MIDGET JONES’ DIARY

INT. STUDY – NIGHT

We follow a small set of legs in from the doorway. The room is dark with the blinds drawn shut. The only source of light within the room comes from opposite the door where a laptop sits switched on atop a table. The legs approach the table and come to a chair that rests in front of it. They turn toward the chair and awkwardly rise from the ground and maneuver until they are out of view.

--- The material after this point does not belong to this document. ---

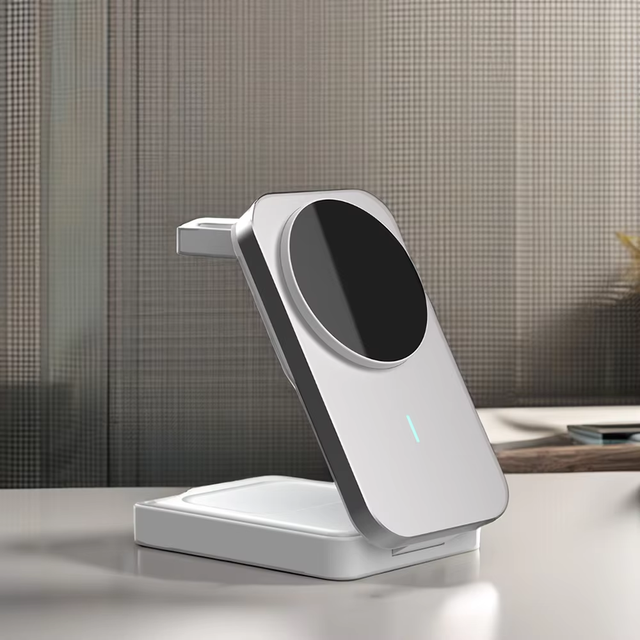 OEM/ODM Travel 15W Max Fast Foldable Magnetic Stand Desk Organizer 3 in 1 Wireless Charging Station for Multiple Smart Devices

CUT to the computer screen which takes up the entire frame. The sound of typing is audible as a sentence forms before our eyes:

I just had the worst day of my life.

CUT to a WIDE SHOT from side on of MIDGET JONES sitting on the chair and staring at the screen, its eerie glow illuminating him slightly. The title of the film appears in bold white lettering over the scene which slowly fades to black under it.

MIDGET JONES’ DIARY

INT. MIDGET’S BEDROOM – MORNING

MCU of Midget from above as he lays comfortably in his bed. His eyes slowly open and then flicker a couple of times, adjusting to the waking world.

MIDGET (V.O)
It started off like any other morning.

CUT to a front-on shot of Midget easing out of bed and on to a two-step set which leads him to the floor. When off the steps, he rubs his hands over his face and then stretches.

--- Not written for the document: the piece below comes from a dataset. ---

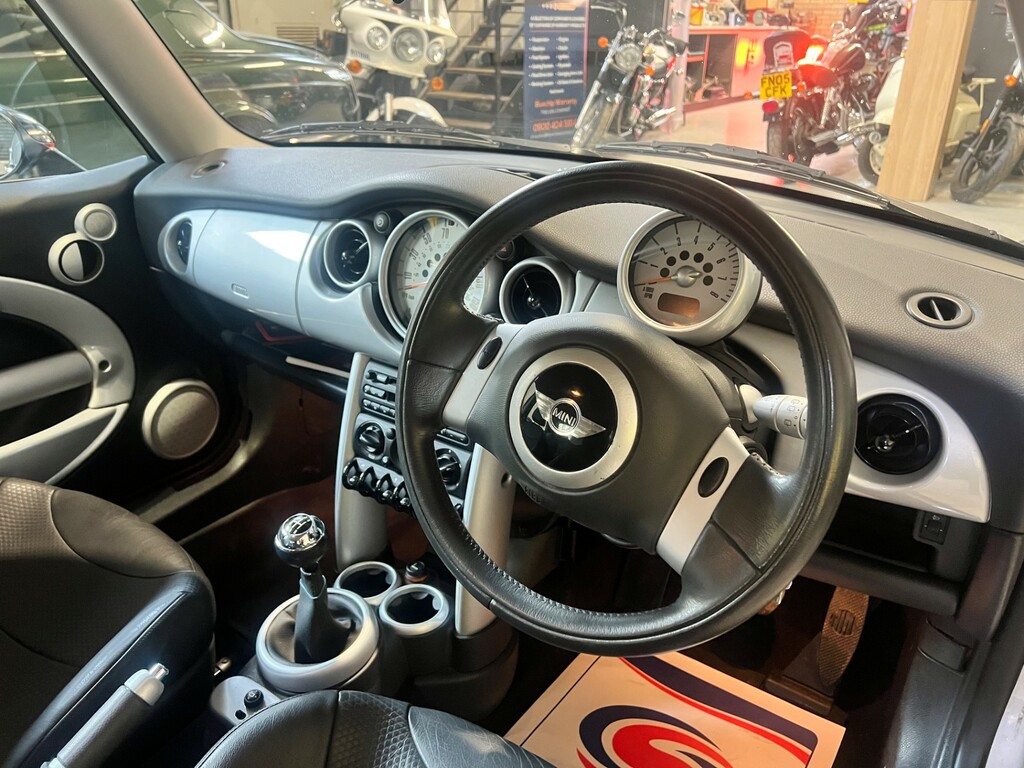 Mini Hatch 1.6 One Yellow #13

CUT to Midget standing at a miniature cupboard, deciding what to wear. He flicks through various items before finding what he wants: a yellow T-shirt. He smiles to himself and takes it out.

CU on the tag of the shirt, which reads:

PARADE CHILDREN’S WEAR

INT. KITCHEN – MORNING

Midget opens the door of a bar fridge and takes out a small carton of milk. He opens it and sets it on the sink. Above the sink are several cupboards. Jones exits the frame momentarily before returning with a step-stool. He positions it in front of the sink and then climbs on top. From there, he opens a cupboard door and takes out a shot glass. Midget turns and carefully steps down off the stool. He grabs the carton of milk and pours himself a shot. He drinks it as if drinking from a full glass and then smiles, refreshed.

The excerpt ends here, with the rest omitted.